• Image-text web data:
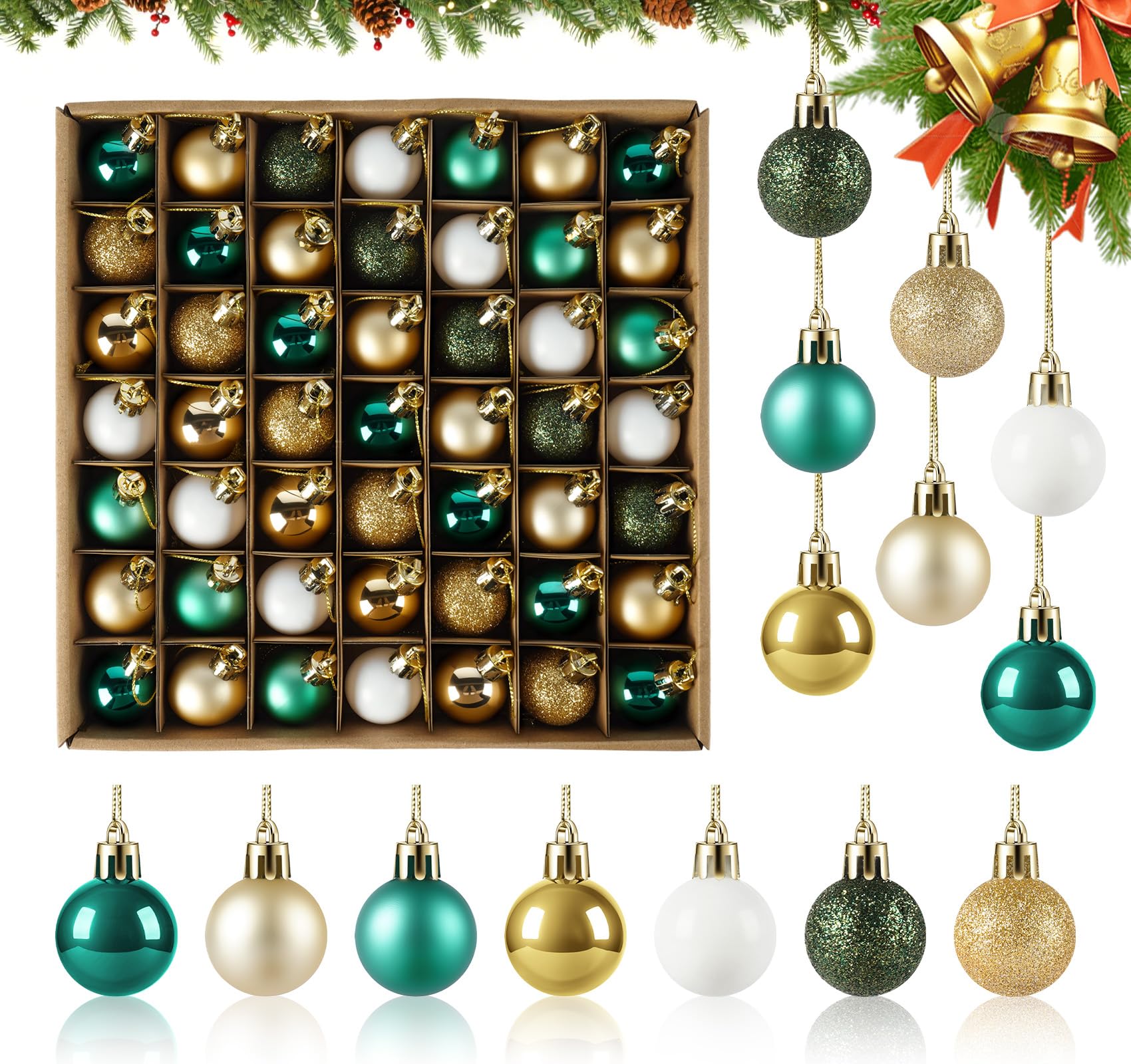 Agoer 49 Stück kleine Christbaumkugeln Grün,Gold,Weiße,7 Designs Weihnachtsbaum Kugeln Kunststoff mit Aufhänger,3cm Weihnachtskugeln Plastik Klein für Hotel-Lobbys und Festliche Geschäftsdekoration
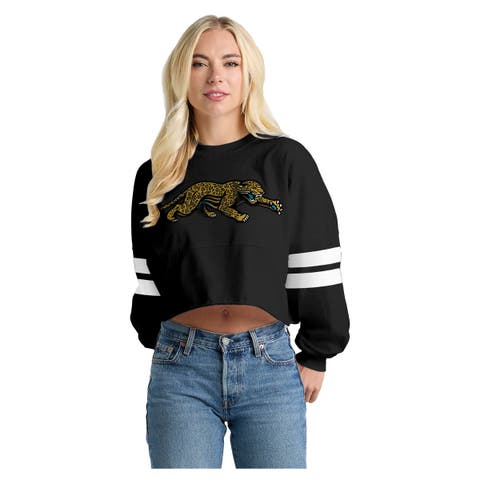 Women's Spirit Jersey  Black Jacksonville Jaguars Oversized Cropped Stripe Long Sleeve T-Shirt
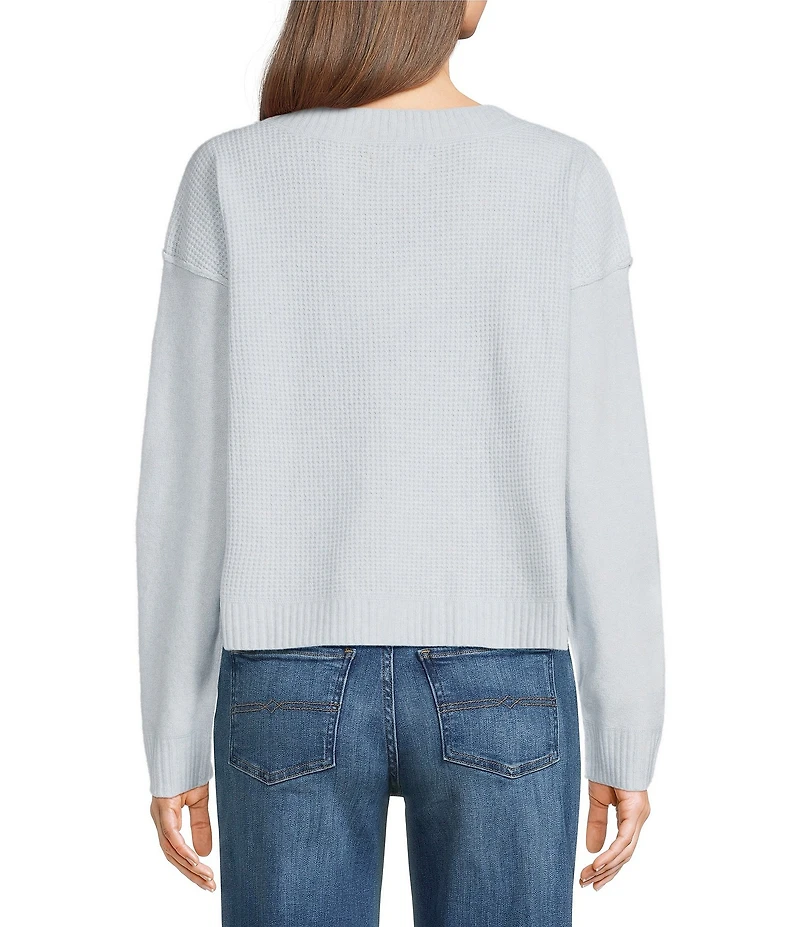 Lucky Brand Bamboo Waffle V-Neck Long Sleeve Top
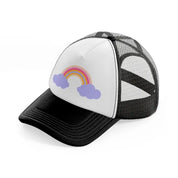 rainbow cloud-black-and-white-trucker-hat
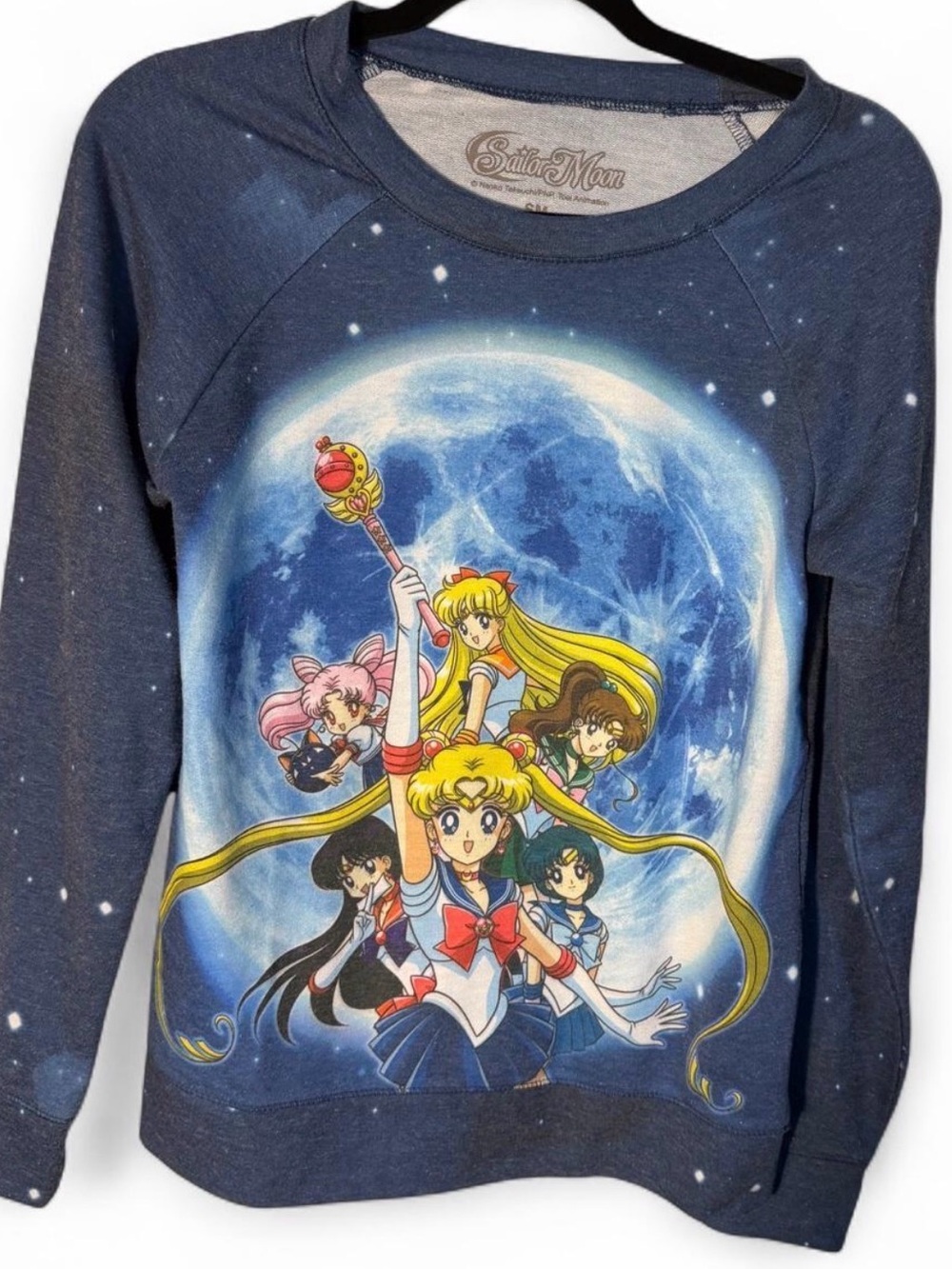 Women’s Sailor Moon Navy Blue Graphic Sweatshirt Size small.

• THE PROBLEM: Please retype all the entries word for word, omitting the pictures.

• SOLVED PROBLEM:
 Agoer 49 Stück kleine Christbaumkugeln Grün,Gold,Weiße,7 Designs Weihnachtsbaum Kugeln Kunststoff mit Aufhänger,3cm Weihnachtskugeln Plastik Klein für Hotel-Lobbys und Festliche Geschäftsdekoration
 Women's Spirit Jersey  Black Jacksonville Jaguars Oversized Cropped Stripe Long Sleeve T-Shirt
 Lucky Brand Bamboo Waffle V-Neck Long Sleeve Top
 rainbow cloud-black-and-white-trucker-hat
 Women’s Sailor Moon Navy Blue Graphic Sweatshirt Size small.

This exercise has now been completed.